Security by Obscurity
"We are a small power plant/production site/or similar. Nobody will make the effort to attack us"
This is a sentiment that is often also shared by IT. Plain and simple, this is a dangerous fallacy that does not resemble ongoing threats.
Current Threat Landscape:
- While sophisticated nation-state attacks affect only a very small subset of all OT environments
- Threat reports show awareness of malicious actors (criminal, hacktivists) for OT is on the rise
- Rudimentary malware can lead to disruption and availability issues
- Rise of OT ransomware - a type of malware that has been haunting IT for years
Opportunistic Attacks
In general, more and more OT incidents do not happen because of a specific interest in the target, but due to:
- Opportunism
- Chance to extort money
- Amplify a certain political message
by attacking a coincidentally vulnerable OT environment (e.g., newly vulnerable remote access solutions that have to be reachable over the Internet).

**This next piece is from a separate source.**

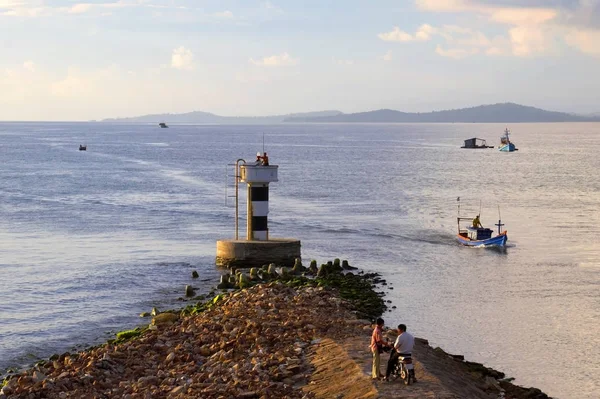 Lighthouse near Duong Dong city on Phu Quoc island — Stock Photo, Image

Problems with the Supply Chain
"Even if we want to integrate security more, many of our suppliers do not feature security in their products"
Yes, this can be a problem. While regulations force more and more vendors to consider security in their new products, this does not help with already existing systems.
However: Security can be done in many ways and as described before, there are security workarounds for almost all problems. "Defense in depth" is again the keyword to look for.
Example Approach:
If there is no security control for one specific component (e.g., a PLC), then the additional layers of a DiD approach can provide security by:
- Monitoring the network of the PLCs
- Restricting access to this network segment
- Providing strict access control for engineering via dedicated and isolated workstations
- And so on...
Advantages of Security
All in all, when security is done the right way, it should never be a hindrance, but an enabler to a resilient, available and safe OT environment.
While a meticulously tailored security strategy ensures compliance with existing and upcoming legislation and regulations, truly living the strategy brings many operational advantages:
Key Benefits:
Higher confidence in safety of systems as deliberate attacks against safety systems is made more difficult
More resilient infrastructure leading to less downtime of systems in case of an incident
Greater insight in existing assets as a result of needed analyses of status quo
Easier manageability of networks due to appropriate segmentation
More insight into network traffic due to increased monitoring – not only security-related incidents can be detected and handled faster
Security and safety working together for a more resilient operational technology environment.